AIM OF THE EXERCISE =>
Transcribe the entries below exactly; leave every image out.

---*---

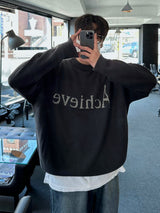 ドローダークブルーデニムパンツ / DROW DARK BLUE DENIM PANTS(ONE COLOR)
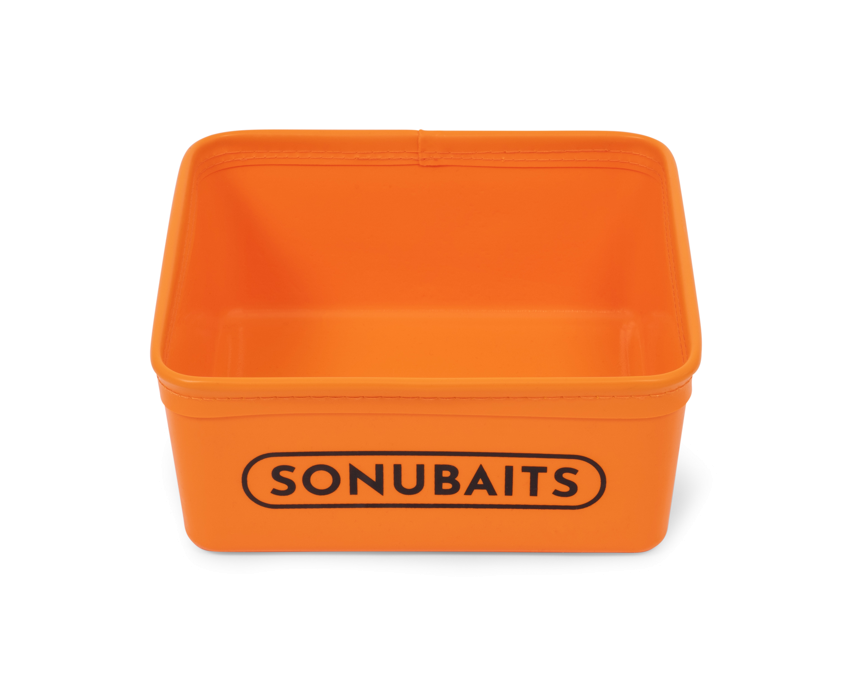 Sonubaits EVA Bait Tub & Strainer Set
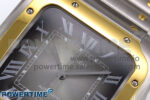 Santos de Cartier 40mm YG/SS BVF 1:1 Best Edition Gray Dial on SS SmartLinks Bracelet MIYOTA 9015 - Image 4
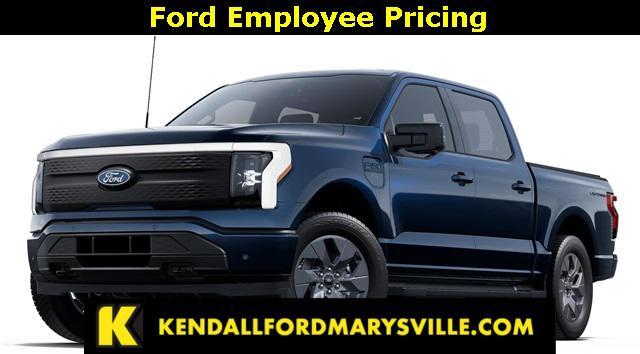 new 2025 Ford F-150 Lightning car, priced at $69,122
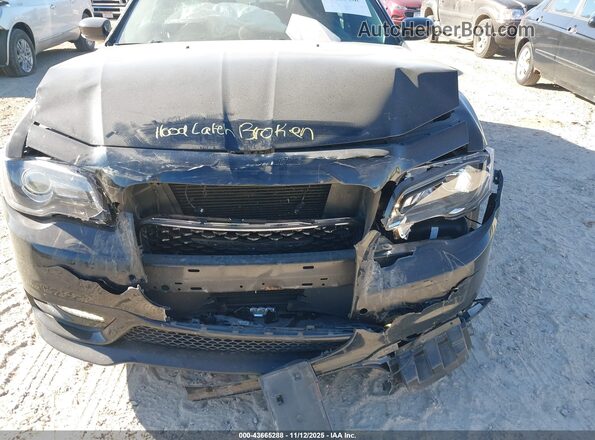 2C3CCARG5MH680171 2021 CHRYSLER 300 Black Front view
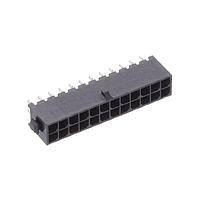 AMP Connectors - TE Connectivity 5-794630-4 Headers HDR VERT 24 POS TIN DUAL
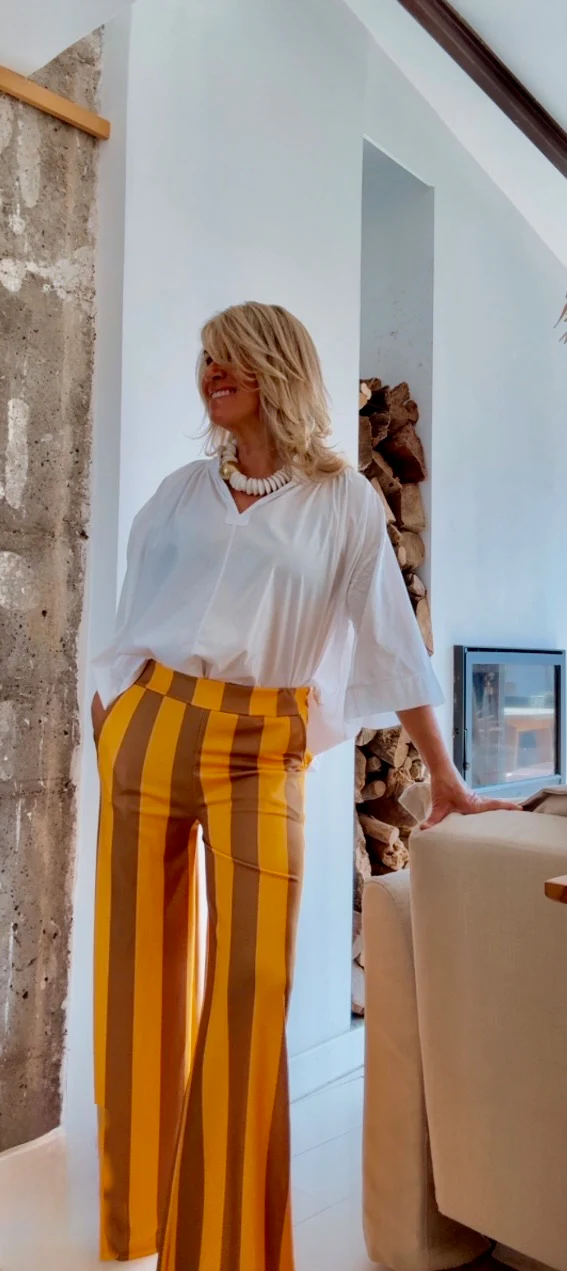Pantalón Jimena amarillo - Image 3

---*---

TASK RESULT =>
 ドローダークブルーデニムパンツ / DROW DARK BLUE DENIM PANTS(ONE COLOR)
 Sonubaits EVA Bait Tub & Strainer Set
 Santos de Cartier 40mm YG/SS BVF 1:1 Best Edition Gray Dial on SS SmartLinks Bracelet MIYOTA 9015 - Image 4
 new 2025 Ford F-150 Lightning car, priced at $69,122
 2C3CCARG5MH680171 2021 CHRYSLER 300 Black Front view
 AMP Connectors - TE Connectivity 5-794630-4 Headers HDR VERT 24 POS TIN DUAL
Pantalón Jimena amarillo - Image 3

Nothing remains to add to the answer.